Some background info
- this is a shared cPanel server (web, mail, mysql etc)
- the SSDs have been used exactly the same amount of time and I know of no resyncs during this time;
- initially they had the DXM04B0Q but I have updated both to DXM05B0Q
- I have looked for "hard resetting link" in dmesg to check for cable/port issues but nothing
- I believe they are aligned correctly (listing below)
- SO is CentOS 6.4, 2.6.32-358.11.1.el6.x86_64
- the write intent bitmap was removed right at the start
- the system was installed from a minimum installation DVD and completed with stuff as needed (it didn't even have the man pages)
- tested with and without discard and noatime
- tested with all schedulers
root [~]# fdisk -ul /dev/sda
Disk /dev/sda: 512.1 GB, 512110190592 bytes
255 heads, 63 sectors/track, 62260 cylinders, total 1000215216 sectors
Units = sectors of 1 * 512 = 512 bytes
Sector size (logical/physical): 512 bytes / 512 bytes
I/O size (minimum/optimal): 512 bytes / 512 bytes
Disk identifier: 0x00026d59
Device Boot Start End Blocks Id System
/dev/sda1 2048 4196351 2097152 fd Linux raid autodetect
Partition 1 does not end on cylinder boundary.
/dev/sda2 * 4196352 4605951 204800 fd Linux raid autodetect
Partition 2 does not end on cylinder boundary.

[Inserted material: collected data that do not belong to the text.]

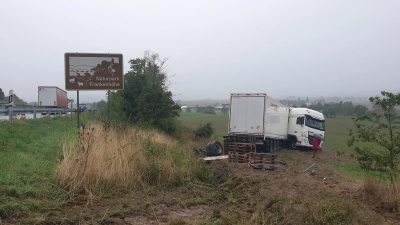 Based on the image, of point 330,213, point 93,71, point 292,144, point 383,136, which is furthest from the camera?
point 292,144

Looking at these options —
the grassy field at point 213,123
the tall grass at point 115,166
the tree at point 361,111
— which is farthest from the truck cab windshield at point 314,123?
the tall grass at point 115,166

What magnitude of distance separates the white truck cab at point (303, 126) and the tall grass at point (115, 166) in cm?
1582

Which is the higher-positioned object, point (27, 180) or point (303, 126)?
point (27, 180)

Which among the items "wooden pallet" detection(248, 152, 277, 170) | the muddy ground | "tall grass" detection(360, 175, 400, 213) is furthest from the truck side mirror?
"tall grass" detection(360, 175, 400, 213)

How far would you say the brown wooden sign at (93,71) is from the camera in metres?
13.9

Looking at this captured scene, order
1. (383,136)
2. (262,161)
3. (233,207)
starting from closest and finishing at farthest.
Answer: (233,207), (383,136), (262,161)

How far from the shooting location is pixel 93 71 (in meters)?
14.2

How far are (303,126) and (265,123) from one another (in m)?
4.46

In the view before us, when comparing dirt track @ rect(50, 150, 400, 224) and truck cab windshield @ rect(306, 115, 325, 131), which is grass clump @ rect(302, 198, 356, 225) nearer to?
dirt track @ rect(50, 150, 400, 224)

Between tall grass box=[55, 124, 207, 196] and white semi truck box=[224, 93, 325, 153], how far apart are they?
11034 millimetres

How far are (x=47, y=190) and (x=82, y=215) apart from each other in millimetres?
1285

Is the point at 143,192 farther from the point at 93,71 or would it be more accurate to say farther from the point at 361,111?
the point at 361,111

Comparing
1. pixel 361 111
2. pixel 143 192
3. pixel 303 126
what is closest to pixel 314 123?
pixel 303 126

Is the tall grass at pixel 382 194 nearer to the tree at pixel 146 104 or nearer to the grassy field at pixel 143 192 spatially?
the grassy field at pixel 143 192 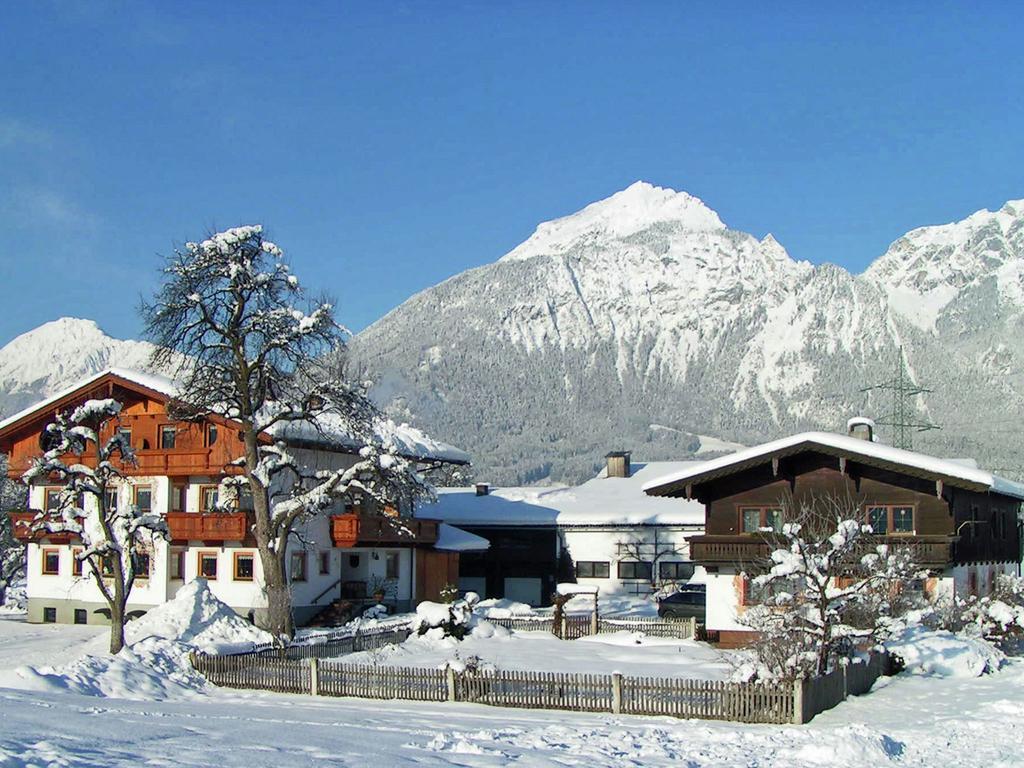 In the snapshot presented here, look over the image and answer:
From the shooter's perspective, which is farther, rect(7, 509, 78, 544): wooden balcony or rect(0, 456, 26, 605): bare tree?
rect(0, 456, 26, 605): bare tree

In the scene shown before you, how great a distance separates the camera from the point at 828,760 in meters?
20.6

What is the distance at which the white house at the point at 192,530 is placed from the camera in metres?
47.8

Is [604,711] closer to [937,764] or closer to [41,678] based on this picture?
[937,764]

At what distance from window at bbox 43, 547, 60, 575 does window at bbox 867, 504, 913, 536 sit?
33499 mm

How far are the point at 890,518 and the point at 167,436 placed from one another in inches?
1136

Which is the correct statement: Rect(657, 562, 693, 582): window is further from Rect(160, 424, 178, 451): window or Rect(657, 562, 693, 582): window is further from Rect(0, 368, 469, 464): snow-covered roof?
Rect(160, 424, 178, 451): window

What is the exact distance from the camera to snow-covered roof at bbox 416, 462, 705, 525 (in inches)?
2479

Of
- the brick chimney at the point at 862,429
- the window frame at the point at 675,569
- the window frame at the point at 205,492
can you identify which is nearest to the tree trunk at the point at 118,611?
the window frame at the point at 205,492

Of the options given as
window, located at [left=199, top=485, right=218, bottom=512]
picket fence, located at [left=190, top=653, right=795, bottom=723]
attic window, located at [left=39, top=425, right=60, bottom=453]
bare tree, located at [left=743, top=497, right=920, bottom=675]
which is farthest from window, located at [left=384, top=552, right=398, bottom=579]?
bare tree, located at [left=743, top=497, right=920, bottom=675]

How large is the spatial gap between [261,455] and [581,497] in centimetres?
2825

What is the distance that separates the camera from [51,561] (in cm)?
5153

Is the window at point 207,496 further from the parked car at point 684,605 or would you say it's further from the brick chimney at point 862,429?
the brick chimney at point 862,429

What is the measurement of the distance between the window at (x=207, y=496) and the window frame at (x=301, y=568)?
4009mm

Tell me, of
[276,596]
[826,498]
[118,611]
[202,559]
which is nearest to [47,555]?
[202,559] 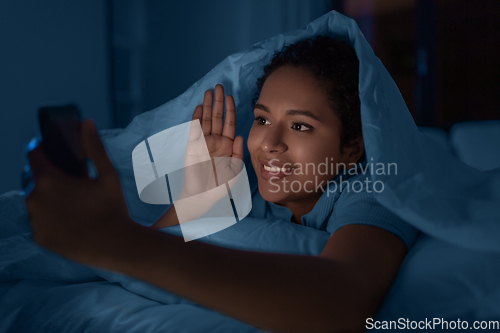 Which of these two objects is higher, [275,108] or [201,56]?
[201,56]

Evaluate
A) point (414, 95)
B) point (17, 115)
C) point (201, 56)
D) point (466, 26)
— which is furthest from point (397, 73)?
point (17, 115)

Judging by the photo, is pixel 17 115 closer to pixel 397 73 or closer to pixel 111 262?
pixel 111 262

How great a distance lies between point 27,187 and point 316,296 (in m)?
0.28

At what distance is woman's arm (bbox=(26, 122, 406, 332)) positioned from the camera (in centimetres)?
25

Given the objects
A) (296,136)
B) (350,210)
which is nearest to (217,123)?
(296,136)


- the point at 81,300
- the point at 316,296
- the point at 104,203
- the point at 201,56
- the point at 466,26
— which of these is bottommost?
the point at 81,300

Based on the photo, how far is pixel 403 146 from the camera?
21.0 inches

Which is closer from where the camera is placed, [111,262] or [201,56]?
[111,262]

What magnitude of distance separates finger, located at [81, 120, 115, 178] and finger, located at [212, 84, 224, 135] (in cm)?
55

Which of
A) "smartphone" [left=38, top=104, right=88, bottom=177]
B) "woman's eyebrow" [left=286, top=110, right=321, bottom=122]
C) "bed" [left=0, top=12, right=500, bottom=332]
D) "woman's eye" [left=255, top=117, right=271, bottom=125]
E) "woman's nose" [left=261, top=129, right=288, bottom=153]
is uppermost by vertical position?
"smartphone" [left=38, top=104, right=88, bottom=177]

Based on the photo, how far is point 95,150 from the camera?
0.27 meters

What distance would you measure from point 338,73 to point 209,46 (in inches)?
56.0

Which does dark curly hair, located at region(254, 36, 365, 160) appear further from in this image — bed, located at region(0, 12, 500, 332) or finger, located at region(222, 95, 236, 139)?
finger, located at region(222, 95, 236, 139)

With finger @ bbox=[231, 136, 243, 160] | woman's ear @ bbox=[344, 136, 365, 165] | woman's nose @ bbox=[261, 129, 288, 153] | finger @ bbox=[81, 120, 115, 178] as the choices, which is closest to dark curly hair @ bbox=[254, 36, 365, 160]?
woman's ear @ bbox=[344, 136, 365, 165] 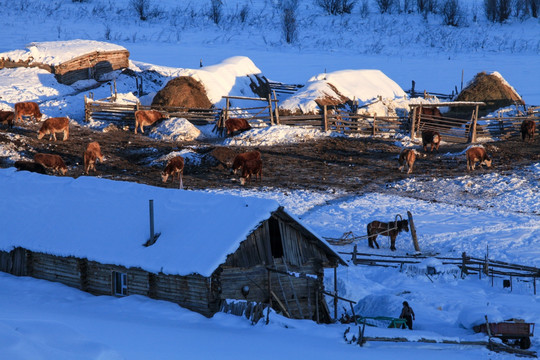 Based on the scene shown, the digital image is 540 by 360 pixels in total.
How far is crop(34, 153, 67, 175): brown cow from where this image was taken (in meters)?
29.2

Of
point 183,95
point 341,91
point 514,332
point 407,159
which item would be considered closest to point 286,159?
point 407,159

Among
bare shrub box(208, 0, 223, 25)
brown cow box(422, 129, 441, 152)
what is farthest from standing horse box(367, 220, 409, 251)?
bare shrub box(208, 0, 223, 25)

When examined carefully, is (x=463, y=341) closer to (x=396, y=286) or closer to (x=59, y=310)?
(x=396, y=286)

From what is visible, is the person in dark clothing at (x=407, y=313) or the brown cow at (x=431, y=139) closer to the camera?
the person in dark clothing at (x=407, y=313)

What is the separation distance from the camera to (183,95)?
130 ft

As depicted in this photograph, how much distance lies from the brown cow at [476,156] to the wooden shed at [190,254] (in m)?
14.8

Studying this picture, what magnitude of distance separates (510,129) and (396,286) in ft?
65.7

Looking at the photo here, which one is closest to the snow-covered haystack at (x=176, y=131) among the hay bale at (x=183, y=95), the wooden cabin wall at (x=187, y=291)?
the hay bale at (x=183, y=95)

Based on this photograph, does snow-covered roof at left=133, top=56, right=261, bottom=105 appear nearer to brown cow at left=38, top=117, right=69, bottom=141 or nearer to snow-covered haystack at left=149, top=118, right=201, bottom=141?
snow-covered haystack at left=149, top=118, right=201, bottom=141

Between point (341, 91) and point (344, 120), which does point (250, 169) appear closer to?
point (344, 120)

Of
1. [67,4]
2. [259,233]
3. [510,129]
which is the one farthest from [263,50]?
[259,233]

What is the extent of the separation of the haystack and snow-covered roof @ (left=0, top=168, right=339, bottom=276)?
29.4 meters

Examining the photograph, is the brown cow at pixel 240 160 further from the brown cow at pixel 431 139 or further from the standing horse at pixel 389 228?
the brown cow at pixel 431 139

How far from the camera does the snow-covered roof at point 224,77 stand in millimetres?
40969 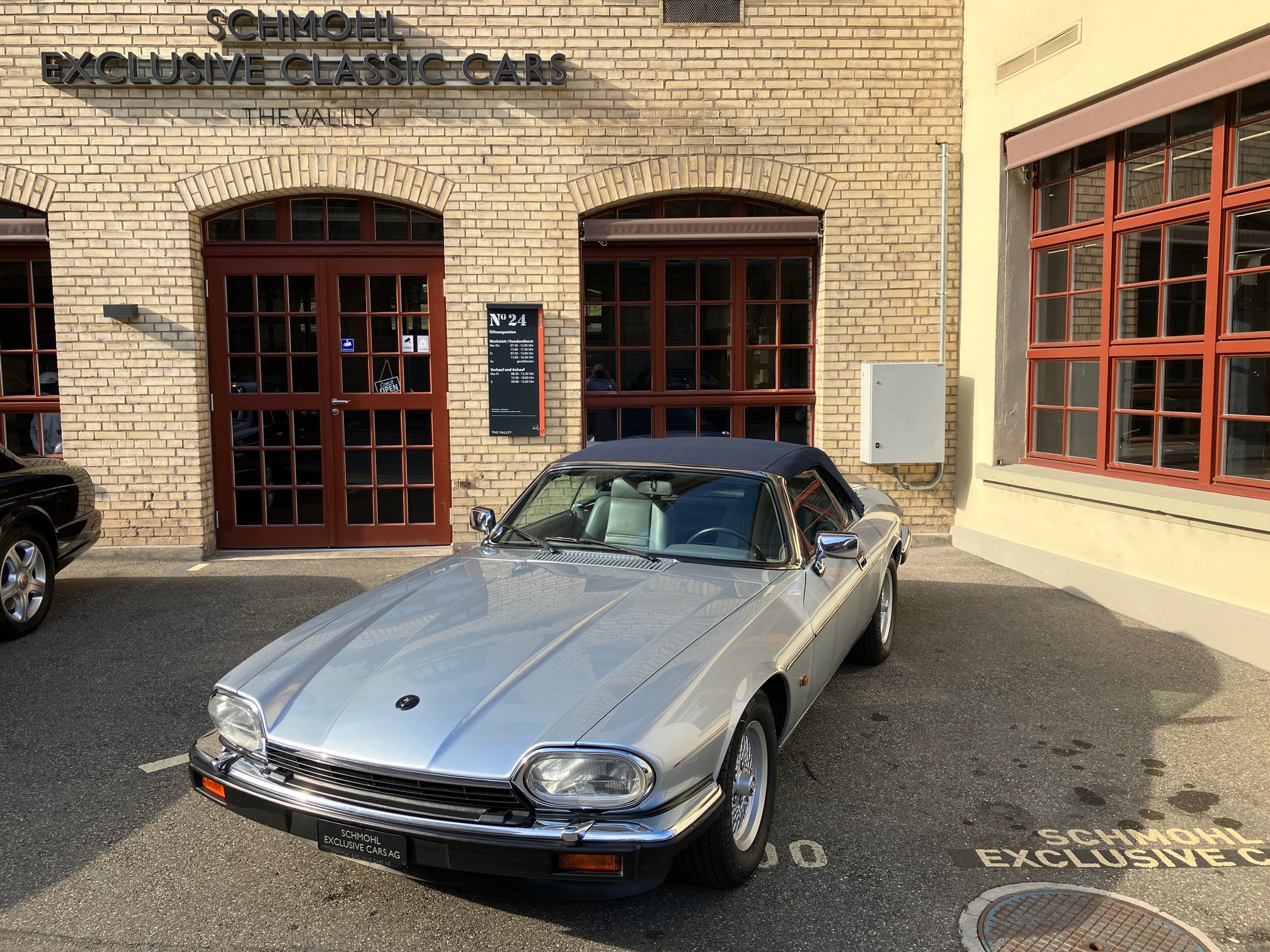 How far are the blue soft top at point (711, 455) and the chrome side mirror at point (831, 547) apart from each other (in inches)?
16.8

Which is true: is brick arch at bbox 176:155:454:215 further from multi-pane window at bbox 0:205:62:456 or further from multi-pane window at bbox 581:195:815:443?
multi-pane window at bbox 0:205:62:456

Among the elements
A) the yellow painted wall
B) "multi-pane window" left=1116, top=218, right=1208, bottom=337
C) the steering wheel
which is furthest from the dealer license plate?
"multi-pane window" left=1116, top=218, right=1208, bottom=337

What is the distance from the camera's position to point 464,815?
2750mm

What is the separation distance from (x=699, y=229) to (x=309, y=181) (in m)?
3.55

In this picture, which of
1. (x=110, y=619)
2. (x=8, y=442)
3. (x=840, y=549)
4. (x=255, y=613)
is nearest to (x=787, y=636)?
(x=840, y=549)

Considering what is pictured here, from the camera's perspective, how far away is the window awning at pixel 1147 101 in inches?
236

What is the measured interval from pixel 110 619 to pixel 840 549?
17.3 feet

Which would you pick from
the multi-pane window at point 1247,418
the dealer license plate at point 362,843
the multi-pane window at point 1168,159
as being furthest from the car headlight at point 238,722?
the multi-pane window at point 1168,159

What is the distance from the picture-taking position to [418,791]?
2.80 meters

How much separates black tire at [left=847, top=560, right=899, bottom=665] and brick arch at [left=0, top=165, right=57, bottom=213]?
783 cm

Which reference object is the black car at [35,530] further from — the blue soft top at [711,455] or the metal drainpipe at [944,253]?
the metal drainpipe at [944,253]

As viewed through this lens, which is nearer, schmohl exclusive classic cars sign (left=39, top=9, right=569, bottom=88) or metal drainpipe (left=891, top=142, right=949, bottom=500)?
schmohl exclusive classic cars sign (left=39, top=9, right=569, bottom=88)

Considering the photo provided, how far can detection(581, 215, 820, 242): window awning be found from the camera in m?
9.14

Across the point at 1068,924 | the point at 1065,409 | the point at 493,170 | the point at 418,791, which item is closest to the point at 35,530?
the point at 493,170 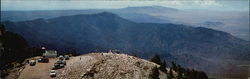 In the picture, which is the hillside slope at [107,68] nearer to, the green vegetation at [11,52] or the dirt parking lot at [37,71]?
the dirt parking lot at [37,71]

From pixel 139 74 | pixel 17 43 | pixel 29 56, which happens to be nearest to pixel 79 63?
pixel 139 74

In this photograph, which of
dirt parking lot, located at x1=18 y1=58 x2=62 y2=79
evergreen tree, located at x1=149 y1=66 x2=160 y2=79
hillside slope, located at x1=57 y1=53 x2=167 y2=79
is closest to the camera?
hillside slope, located at x1=57 y1=53 x2=167 y2=79

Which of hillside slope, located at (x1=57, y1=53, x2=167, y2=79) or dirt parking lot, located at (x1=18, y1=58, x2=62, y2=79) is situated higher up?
hillside slope, located at (x1=57, y1=53, x2=167, y2=79)

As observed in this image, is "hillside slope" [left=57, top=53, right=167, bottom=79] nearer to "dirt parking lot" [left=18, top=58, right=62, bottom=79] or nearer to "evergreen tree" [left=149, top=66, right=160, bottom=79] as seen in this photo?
"evergreen tree" [left=149, top=66, right=160, bottom=79]

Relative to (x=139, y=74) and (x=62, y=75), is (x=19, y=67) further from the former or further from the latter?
(x=139, y=74)

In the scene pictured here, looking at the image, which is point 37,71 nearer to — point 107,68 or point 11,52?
point 107,68

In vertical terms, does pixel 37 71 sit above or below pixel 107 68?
below

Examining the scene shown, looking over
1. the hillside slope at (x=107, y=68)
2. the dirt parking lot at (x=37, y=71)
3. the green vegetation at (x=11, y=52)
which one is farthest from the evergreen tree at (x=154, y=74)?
the green vegetation at (x=11, y=52)

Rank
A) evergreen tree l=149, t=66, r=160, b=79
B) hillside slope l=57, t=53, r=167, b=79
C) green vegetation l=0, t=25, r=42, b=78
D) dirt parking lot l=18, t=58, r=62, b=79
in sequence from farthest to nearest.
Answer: green vegetation l=0, t=25, r=42, b=78 < dirt parking lot l=18, t=58, r=62, b=79 < evergreen tree l=149, t=66, r=160, b=79 < hillside slope l=57, t=53, r=167, b=79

/dev/sda3 4605952 814106623 404750336 fd Linux raid autodetect
root [~]# fdisk -ul /dev/sdb
Disk /dev/sdb: 512.1 GB, 512110190592 bytes
255 heads, 63 sectors/track, 62260 cylinders, total 1000215216 sectors
Units = sectors of 1 * 512 = 512 bytes
Sector size (logical/physical): 512 bytes / 512 bytes
I/O size (minimum/optimal): 512 bytes / 512 bytes
Disk identifier: 0x0003dede
Device Boot Start End Blocks Id System
/dev/sdb1 2048 4196351 2097152 fd Linux raid autodetect
Partition 1 does not end on cylinder boundary.
/dev/sdb2 * 4196352 4605951 204800 fd Linux raid autodetect
Partition 2 does not end on cylinder boundary.
/dev/sdb3 4605952 814106623 404750336 fd Linux raid autodetect
MOUNT
root [/var/log]# mount
/dev/md2 on / type ext4 (rw,noatime,usrjquota=quota.user,jqfmt=vfsv0)
proc on /proc type proc (rw)
sysfs on /sys type sysfs (rw)
devpts on /dev/pts type devpts (rw,gid=5,mode=620)
tmpfs on /dev/shm type tmpfs (rw)
/dev/md0 on /boot type ext4 (rw,noatime)
none on /proc/sys/fs/binfmt_misc type binfmt_misc (rw)
/usr/tmpDSK on /tmp type ext3 (rw,noexec,nosuid,loop=/dev/loop0)
/tmp on /var/tmp type none (rw,noexec,nosuid,bind)
/etc/fstab
root # cat /etc/fstab
#
# /etc/fstab
# Created by anaconda on Wed Apr 3 17:22:52 2013
#
UUID=8fedde2c-f5b7-4edf-975f-d8d087d79ebf / ext4 noatime,usrjquota=quota.user,jqfmt=vfsv0 1 1
UUID=bfc50d02-6d4d-4510-93ea-27941cd49cf4 /boot ext4 noatime,defaults 1 2
UUID=cef1d19d-2578-43db-9ffc-b6b70e227bfa swap swap defaults 0 0
tmpfs /dev/shm tmpfs defaults 0 0
devpts /dev/pts devpts gid=5,mode=620 0 0
sysfs /sys sysfs defaults 0 0
proc /proc proc defaults 0 0
/usr/tmpDSK /tmp ext3 noatime,defaults,noauto 0 0
/proc/mdstat
root # cat /proc/mdstat
Personalities : [raid1]
md0 : active raid1 sdb2[1] sda2[0]
204736 blocks super 1.0 [2/2] [UU]
md2 : active raid1 sdb3[1] sda3[0]
404750144 blocks super 1.0 [2/2] [UU]
md1 : active raid1 sdb1[1] sda1[0]
2096064 blocks super 1.1 [2/2] [UU]
unused devices: <none>
What is the problem with this array?